Reproduce verbatim all of the data given below, but do not carry over the images.

───── SUPPLIED DATA ─────

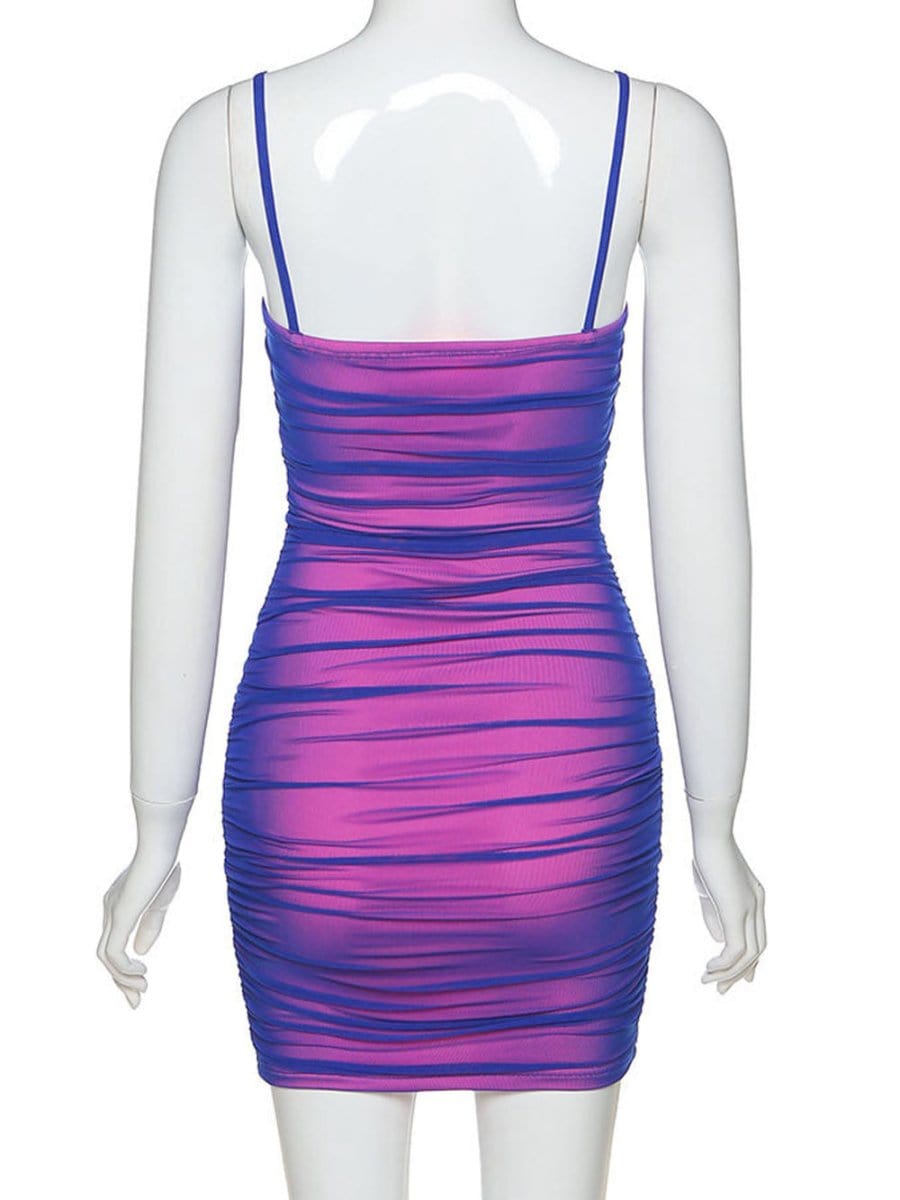 Bodycon Mini Dress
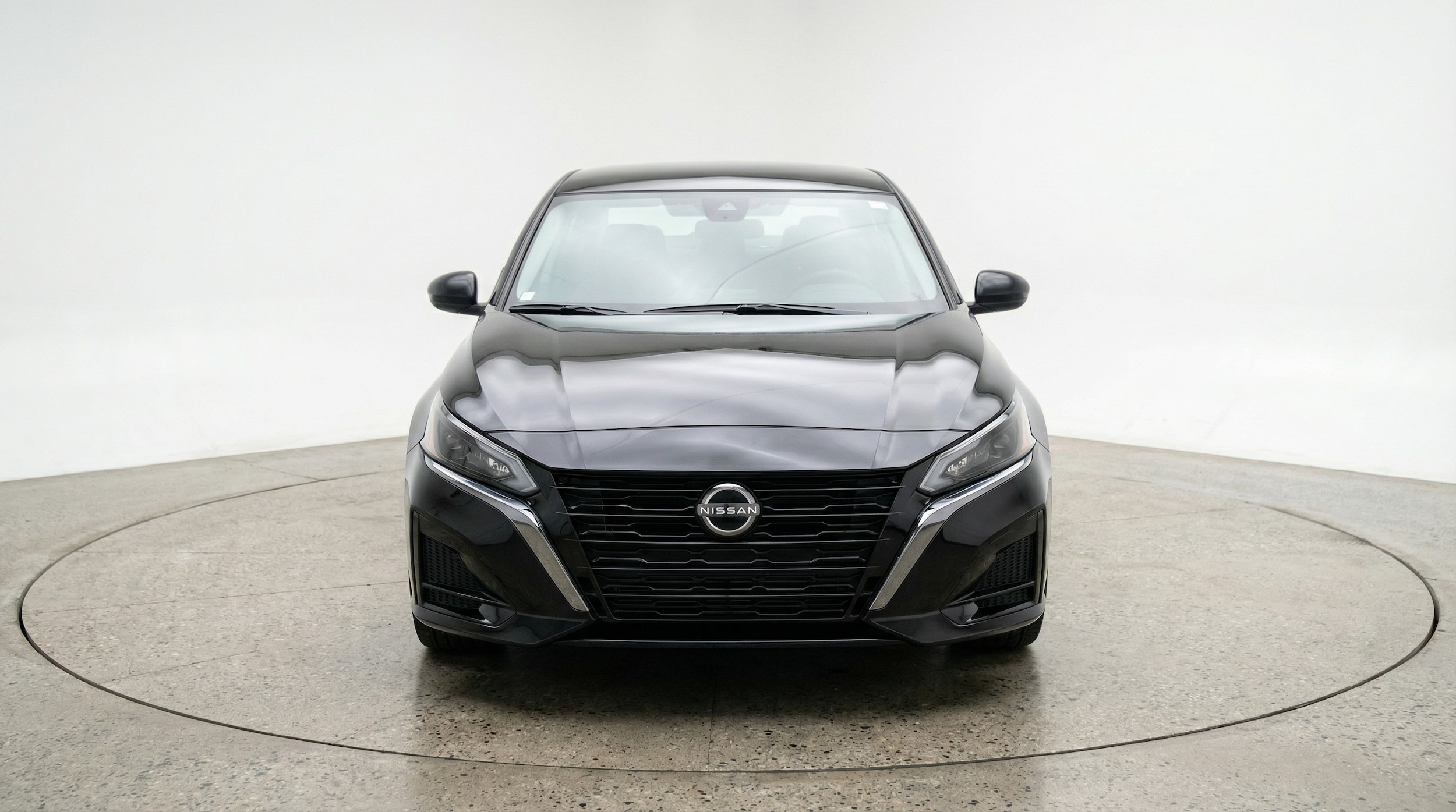 Thumbnail: 2025 Nissan Altima - 2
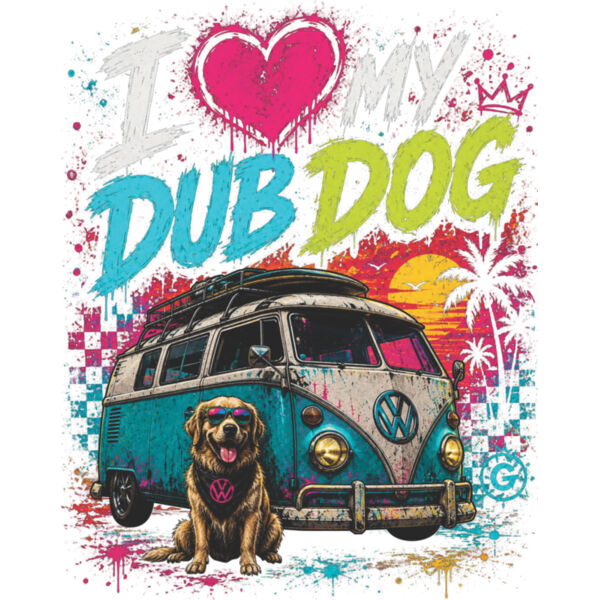 I love my dub dog   465015 26072116817 Thumbnail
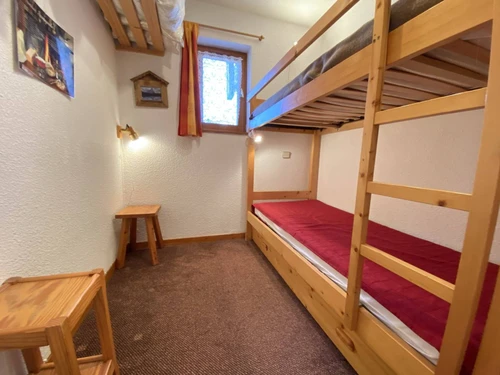 Appartement Praz-sur-Arly, 1 pièce, 4 personnes - photo_15212556607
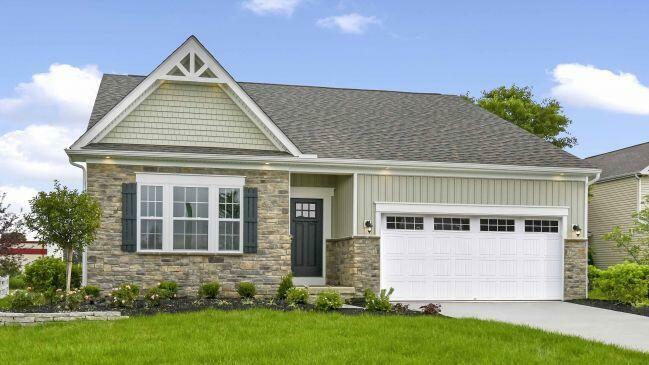Property Photo: 2503 Winner'S Post Way KY 41005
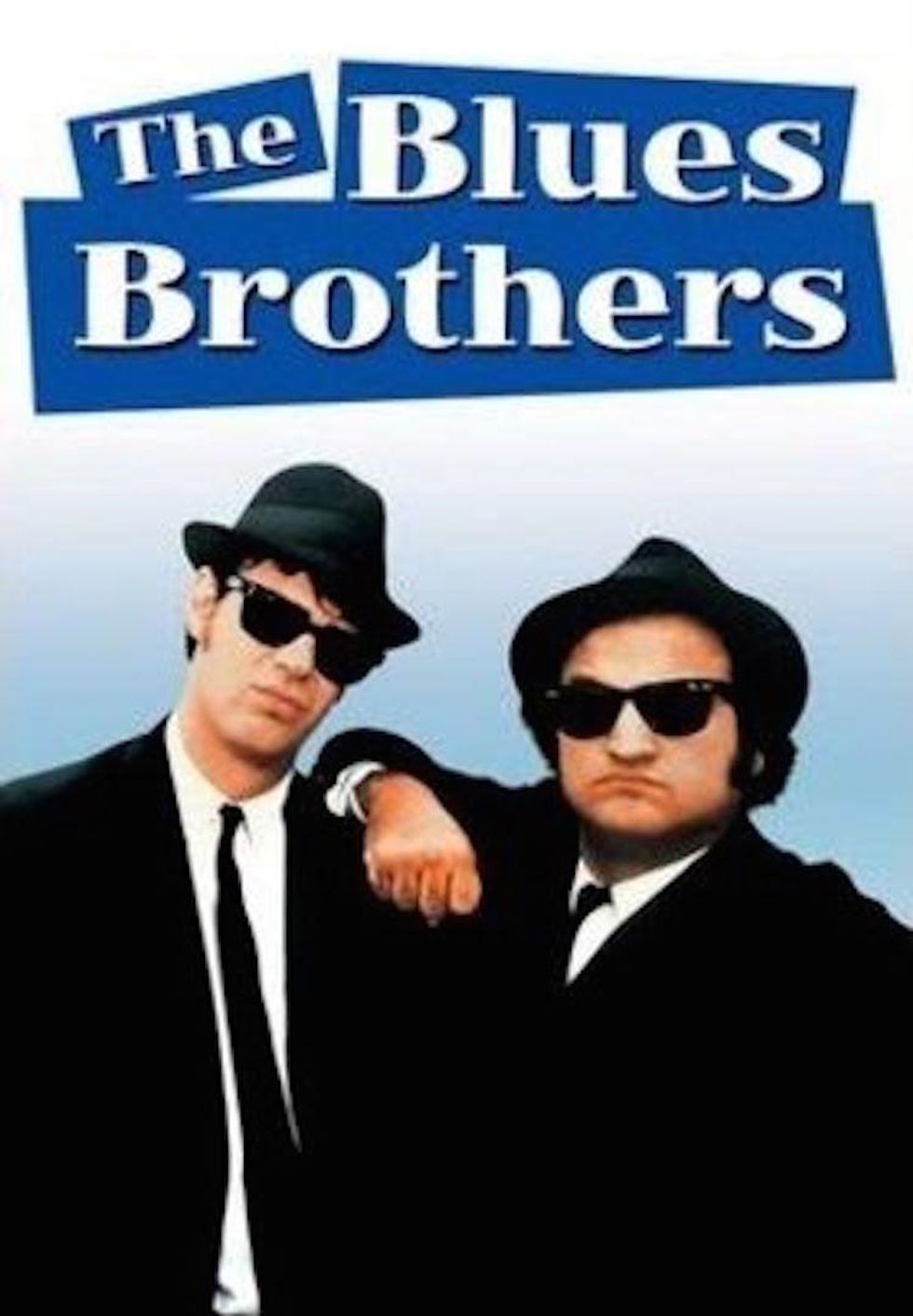 Blues Brothers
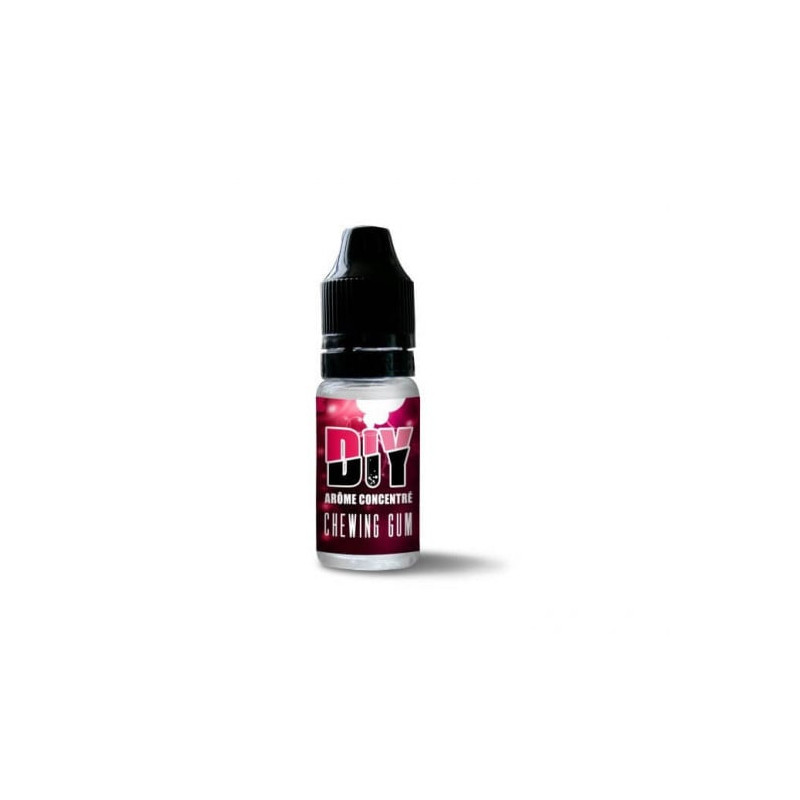 Arôme concentré Chewing Gum DIY 10ml - Revolute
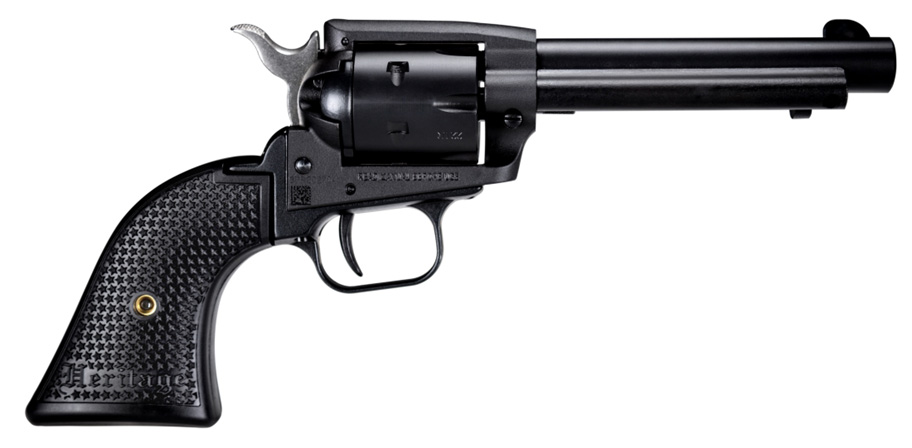 HER*SRR 22LR 6.5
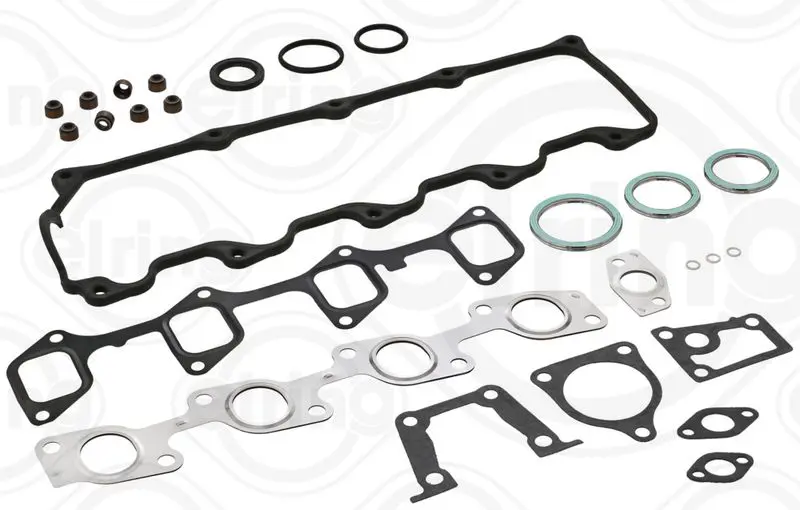 Handler.Part Gasket set, cylinder head Elring 152780 1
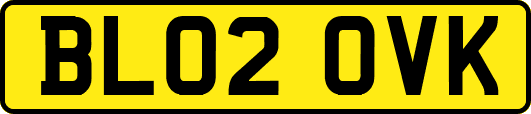 BL02OVK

─────

_TASK OUTPUT_
 Bodycon Mini Dress
 Thumbnail: 2025 Nissan Altima - 2
 I love my dub dog   465015 26072116817 Thumbnail
 Appartement Praz-sur-Arly, 1 pièce, 4 personnes - photo_15212556607
Property Photo: 2503 Winner'S Post Way KY 41005
 Blues Brothers
 Arôme concentré Chewing Gum DIY 10ml - Revolute
 HER*SRR 22LR 6.5
 Handler.Part Gasket set, cylinder head Elring 152780 1
 BL02OVK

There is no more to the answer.